Importantly, the pulmonary lesions were diffusely distributed indicating that whatever cell type or target structure may be linked to the cause of the haemorrhages, it is homogeneously distributed throughout the lungs.

A disorder of the primary or secondary hemostasis as the sole cause for pulmonary haemorrhage seems unlikely since extensive haemorrhages were almost exclusively observed in the lungs. For instance, coumarin intoxication was excluded in 3 dogs by toxicological analysis; moreover, coagulation screening tests (activated partial thromboplastin time, prothrombin time) performed in several dogs made coumarin intoxication unlikely (data not shown). The role of thrombocytopenia in this disease also remains elusive. Low platelet counts are a common finding in canine leptospirosis but are generally, and in the specific context of leptospiral diseases, not associated with severe pulmonary haemorrhage [31]. The mechanism of pulmonary haemorrhage in the dogs, therefore, remains to be established, similar to human LPHS [14, 17, 18].

The acute liver lesions seen in some dogs are most likely associated with hypoxia due to respiratory distress, and the same may be true for the renal tubular degeneration. Nevertheless, renal and hepatic lesions may also be caused by leptospiral organisms, although levaditi stain and immunohistochemistry failed to identify leptospiral organisms in affected livers and kidneys.

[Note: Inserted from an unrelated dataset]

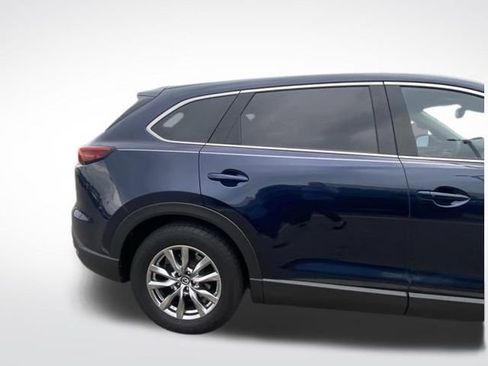 Used 2018 MAZDA CX-9 Touring w/ Touring Premium Package image 6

In summary, we describe a new pulmonary haemorrhagic syndrome in dogs with striking clinical and pathological similarities to LPHS in man. However, leptospiral organisms, as the suspected cause, were not consistently identified with any of the diagnostic methods applied. The cause of the emerging pulmonary haemorrhage syndrome in dogs, therefore, remains unclear. Further studies are needed to finally determine whether leptospiral organisms or other causes are associated with the canine pulmonary haemorrhage syndrome.